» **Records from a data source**
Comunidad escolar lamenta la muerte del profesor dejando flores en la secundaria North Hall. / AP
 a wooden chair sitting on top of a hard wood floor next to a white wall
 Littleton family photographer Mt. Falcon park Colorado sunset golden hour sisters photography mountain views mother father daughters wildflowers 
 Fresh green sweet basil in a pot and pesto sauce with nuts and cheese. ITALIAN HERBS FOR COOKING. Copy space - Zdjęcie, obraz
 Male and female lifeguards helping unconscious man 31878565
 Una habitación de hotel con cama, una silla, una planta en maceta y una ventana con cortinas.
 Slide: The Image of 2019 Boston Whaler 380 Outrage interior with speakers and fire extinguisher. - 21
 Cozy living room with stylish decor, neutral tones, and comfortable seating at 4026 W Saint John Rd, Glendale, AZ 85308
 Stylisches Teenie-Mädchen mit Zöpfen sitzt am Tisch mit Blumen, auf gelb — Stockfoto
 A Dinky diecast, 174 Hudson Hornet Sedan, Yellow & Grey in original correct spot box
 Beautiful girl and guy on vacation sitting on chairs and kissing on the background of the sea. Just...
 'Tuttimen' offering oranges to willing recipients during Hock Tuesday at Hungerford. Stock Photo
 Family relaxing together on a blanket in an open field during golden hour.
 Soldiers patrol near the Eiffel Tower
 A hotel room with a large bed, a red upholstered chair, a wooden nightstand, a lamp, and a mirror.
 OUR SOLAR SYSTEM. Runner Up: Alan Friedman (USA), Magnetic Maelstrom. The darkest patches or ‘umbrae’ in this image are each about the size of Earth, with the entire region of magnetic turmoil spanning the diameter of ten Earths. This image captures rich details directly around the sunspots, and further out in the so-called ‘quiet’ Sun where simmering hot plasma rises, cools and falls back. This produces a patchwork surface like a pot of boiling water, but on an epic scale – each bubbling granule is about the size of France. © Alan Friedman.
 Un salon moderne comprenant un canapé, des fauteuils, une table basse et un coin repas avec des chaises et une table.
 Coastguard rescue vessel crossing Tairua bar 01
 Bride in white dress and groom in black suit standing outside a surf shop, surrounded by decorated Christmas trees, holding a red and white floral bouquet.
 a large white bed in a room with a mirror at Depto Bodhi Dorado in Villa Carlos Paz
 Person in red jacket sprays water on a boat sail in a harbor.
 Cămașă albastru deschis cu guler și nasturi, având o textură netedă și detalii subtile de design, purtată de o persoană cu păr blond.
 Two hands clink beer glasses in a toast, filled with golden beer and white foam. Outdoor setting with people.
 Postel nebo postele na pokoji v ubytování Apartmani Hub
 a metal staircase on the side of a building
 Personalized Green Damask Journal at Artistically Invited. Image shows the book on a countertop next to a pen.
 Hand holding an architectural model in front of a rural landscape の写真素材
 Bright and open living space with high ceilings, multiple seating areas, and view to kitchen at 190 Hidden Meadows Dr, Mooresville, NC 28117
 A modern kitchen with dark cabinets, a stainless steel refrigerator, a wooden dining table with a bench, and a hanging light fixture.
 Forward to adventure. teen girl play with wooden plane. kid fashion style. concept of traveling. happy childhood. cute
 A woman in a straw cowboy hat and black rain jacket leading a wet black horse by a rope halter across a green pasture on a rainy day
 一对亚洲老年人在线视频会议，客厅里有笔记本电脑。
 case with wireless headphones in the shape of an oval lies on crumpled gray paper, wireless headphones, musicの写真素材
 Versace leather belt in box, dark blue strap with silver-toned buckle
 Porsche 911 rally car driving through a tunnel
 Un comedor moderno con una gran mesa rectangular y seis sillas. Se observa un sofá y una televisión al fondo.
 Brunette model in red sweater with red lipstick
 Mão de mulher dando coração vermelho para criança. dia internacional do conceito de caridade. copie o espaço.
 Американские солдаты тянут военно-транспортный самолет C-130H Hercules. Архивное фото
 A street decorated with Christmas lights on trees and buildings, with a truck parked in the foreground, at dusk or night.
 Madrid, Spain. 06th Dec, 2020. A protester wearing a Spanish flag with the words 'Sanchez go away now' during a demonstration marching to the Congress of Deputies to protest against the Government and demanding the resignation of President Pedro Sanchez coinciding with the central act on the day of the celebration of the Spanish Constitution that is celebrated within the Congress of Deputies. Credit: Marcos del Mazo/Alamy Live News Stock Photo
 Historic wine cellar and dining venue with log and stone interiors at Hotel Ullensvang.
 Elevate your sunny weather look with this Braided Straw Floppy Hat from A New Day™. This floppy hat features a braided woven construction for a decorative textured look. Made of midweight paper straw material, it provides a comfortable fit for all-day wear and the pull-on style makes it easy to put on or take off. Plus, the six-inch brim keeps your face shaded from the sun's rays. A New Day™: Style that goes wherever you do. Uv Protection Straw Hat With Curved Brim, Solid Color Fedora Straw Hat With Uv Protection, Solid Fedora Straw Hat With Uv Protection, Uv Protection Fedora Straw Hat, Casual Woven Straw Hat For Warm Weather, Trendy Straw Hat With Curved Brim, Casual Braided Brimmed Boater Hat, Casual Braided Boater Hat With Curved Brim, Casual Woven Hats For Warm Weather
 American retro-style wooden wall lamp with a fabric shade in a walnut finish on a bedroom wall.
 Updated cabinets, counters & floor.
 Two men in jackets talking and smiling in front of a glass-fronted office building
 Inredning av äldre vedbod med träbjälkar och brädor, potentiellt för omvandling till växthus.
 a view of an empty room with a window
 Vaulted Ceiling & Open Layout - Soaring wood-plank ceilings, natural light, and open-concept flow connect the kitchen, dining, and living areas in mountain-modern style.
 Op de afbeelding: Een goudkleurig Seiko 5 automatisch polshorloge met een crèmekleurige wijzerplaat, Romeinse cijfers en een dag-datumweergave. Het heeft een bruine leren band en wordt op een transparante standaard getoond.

» **Exercise**
Write out exactly the lines that fall from the line with "Beautiful girl and" to the line with "A hotel room" in the records above, keeping both ends.

» **Task answer**
 Beautiful girl and guy on vacation sitting on chairs and kissing on the background of the sea. Just...
 'Tuttimen' offering oranges to willing recipients during Hock Tuesday at Hungerford. Stock Photo
 Family relaxing together on a blanket in an open field during golden hour.
 Soldiers patrol near the Eiffel Tower
 A hotel room with a large bed, a red upholstered chair, a wooden nightstand, a lamp, and a mirror.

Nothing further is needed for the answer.